In terms of precission, it's true that float or even doubles are more than enough to accurately pinpoint a point in fairly large space.... but when dealing with collisions, bounces, etc, the precission difference is cumulative, so fairly small precission differences can result in the initial and end states of a simulation to be radically different, depending on where in space did you perform the simulation.

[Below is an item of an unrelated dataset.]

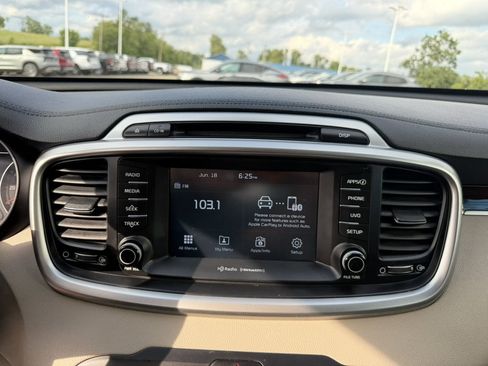 Used 2018 Kia Sorento AWD image 26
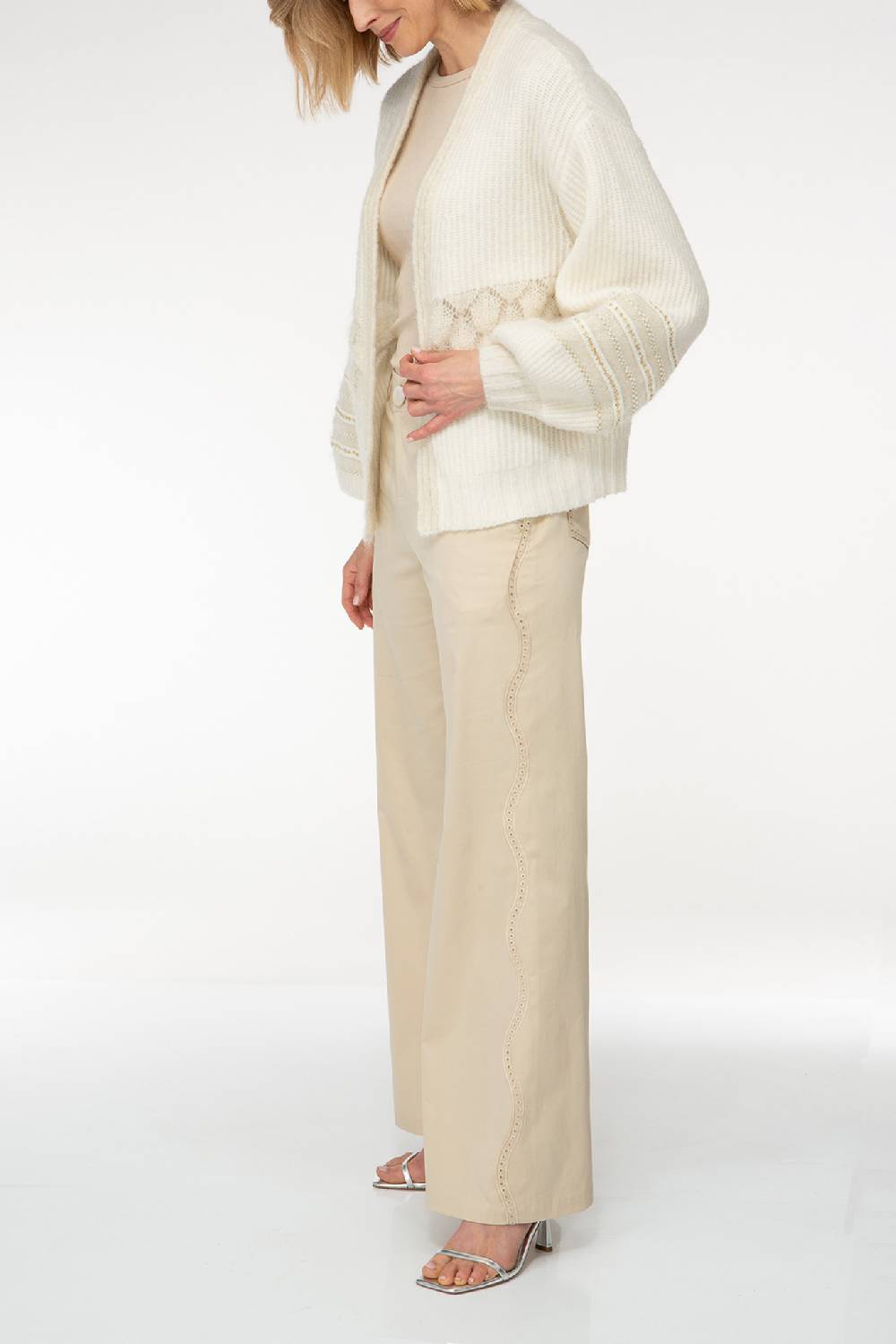 IVI GmbH SOLID KNIT Cardigan Mit Zier-Crochet Weiß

Alan-FGR commented 5 years ago

The problem with fixed point is that you normally have to be able to represent very large and very small values for a physics engine, so general purpose fixed points will be a limiting factor, maybe for positions they would be fine but not for everything. That being said, physics engines (most notably 2D ) have been ported to hardware that don't support floats at all, but I'm not sure whether they had to implement some kind of software float for some situations. Physics isn't just positions, there's collision detection which deals with penetrations, possibly very small, and then these are used to calculate impulses which in turn affect velocities and such. All of that being said it sure would be cool to not have to care about all of that or workaround float point limitations (like origin shifting), and be able to do large words naively just dealing with global absolute coordinates. But then again even if that's possible it's at very least not memory/space efficient.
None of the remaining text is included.